Apologies for yet another delay - spending more time in hospital than I’d like.

Pools are stable, but yes I managed to double-label them both “Storage” because reasons. I’m guessing that if I can relabel one (or maybe both) pools via the CLI, I might be able to see some separation in the UI. Found a thread from 2019 here that mentions relabelling is being considered for inclusion.
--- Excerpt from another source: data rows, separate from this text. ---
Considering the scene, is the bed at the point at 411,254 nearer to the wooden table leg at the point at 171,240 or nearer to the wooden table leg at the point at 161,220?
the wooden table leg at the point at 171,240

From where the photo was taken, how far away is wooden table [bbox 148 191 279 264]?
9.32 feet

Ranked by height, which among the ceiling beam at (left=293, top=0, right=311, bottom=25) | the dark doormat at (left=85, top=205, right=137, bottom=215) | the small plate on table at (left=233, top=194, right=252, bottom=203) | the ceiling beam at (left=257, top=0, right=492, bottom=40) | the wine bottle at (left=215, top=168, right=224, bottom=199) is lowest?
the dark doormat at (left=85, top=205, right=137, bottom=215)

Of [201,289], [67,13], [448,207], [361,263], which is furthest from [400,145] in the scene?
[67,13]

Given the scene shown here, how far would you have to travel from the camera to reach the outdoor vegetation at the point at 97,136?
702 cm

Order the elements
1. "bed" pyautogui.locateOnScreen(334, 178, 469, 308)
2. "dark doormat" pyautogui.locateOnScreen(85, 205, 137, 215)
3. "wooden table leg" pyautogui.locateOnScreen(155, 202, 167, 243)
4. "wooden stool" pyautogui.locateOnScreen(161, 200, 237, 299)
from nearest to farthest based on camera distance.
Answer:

Checking on GitHub shows that the issue is still open, which is not optimal. :frowning:

I’m tempted to risk it via the recommended command line (e.g., “sudo btrfs filesystem label <mountpoint> <newlabel>” and see if Rockstor’s UI recognises the name change without losing its mind over it.
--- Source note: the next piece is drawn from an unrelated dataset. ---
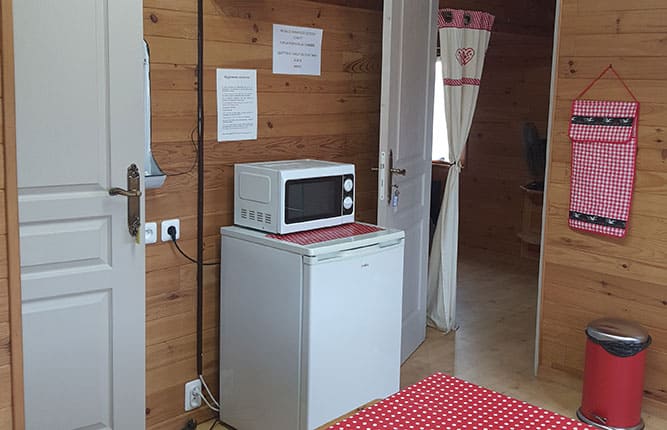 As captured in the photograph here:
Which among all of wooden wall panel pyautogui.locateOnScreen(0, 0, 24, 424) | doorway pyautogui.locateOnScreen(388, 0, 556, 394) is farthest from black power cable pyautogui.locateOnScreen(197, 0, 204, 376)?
doorway pyautogui.locateOnScreen(388, 0, 556, 394)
I’ll take recommendations - because with both pools still intermingled (at least according to the CLI, I can’t retire the old/small drives and repopulate the case with new/large drives.
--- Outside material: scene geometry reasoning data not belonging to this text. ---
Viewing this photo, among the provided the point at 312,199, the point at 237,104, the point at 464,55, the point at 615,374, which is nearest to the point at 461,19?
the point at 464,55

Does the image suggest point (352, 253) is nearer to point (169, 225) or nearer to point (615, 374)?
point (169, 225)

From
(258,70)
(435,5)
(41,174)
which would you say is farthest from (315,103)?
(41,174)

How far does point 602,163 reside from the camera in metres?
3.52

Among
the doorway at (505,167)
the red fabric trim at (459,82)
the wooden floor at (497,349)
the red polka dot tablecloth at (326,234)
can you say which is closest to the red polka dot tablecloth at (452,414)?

As always, thanks ever so to @phillxnet and @Hooverdan for support and wisdom shared. :slight_smile:

Cheers,

KeithF

Drank more coffee and had a bit of a think (which takes a while in my case), and then dug into the BTRFS wiki to Level Up and Gain Knowledge.

Good news is, the state of the filesytem is the same as last reported even after an unscheduled system restart (note to self: buy a UPS real soon):

raven:/sys/fs/btrfs # btrfs filesystem show
Label: 'ROOT'  uuid: cbfce5f5-49d8-49b1-83ac-854176beab2b
        Total devices 1 FS bytes used 19.20GiB
        devid    1 size 463.70GiB used 24.05GiB path /dev/nvme0n1p4

Label: 'Old_Stuff'  uuid: bdb06fd7-619a-47ae-88f0-4636f5937b69
        Total devices 1 FS bytes used 160.00KiB
        devid    1 size 2.73TiB used 20.00MiB path /dev/sdg

Label: 'Storage'  uuid: 2edd8b2a-2599-4b31-aceb-b7618ceb749e
        Total devices 2 FS bytes used 6.81TiB
        devid    1 size 10.91TiB used 3.42TiB path /dev/sda
        devid    2 size 10.91TiB used 3.43TiB path /dev/sdb

Label: 'Storage'  uuid: 7ab39728-769b-4ca2-ae16-cce62a7b3a82
        Total devices 4 FS bytes used 6.53TiB
        devid    1 size 3.64TiB used 1.64TiB path /dev/sdd
        devid    2 size 3.64TiB used 1.64TiB path /dev/sdc
        devid    3 size 3.64TiB used 1.64TiB path /dev/sdf
        devid    4 size 3.64TiB used 1.64TiB path /dev/sde
raven:/sys/fs/btrfs #

I took a peek to see what the system actually thinks is here, and found out that one “System” filesystem is present (the two large drives), the OS root, and the “Old Stuff” single-volume filesystem:

raven:/sys/fs/btrfs # cat /sys/fs/btrfs/cbfce5f5-49d8-49b1-83ac-854176beab2b/label
ROOT
raven:/sys/fs/btrfs # cat /sys/fs/btrfs/2edd8b2a-2599-4b31-aceb-b7618ceb749e/label
Storage
raven:/sys/fs/btrfs # cat /sys/fs/btrfs/bdb06fd7-619a-47ae-88f0-4636f5937b69/label
Old_Stuff
raven:/sys/fs/btrfs #

The second “Storage” filesystem isn’t listed, which may or may not be an issue - perhaps another side benefit of calling two filesystems the exact same thing. Meh.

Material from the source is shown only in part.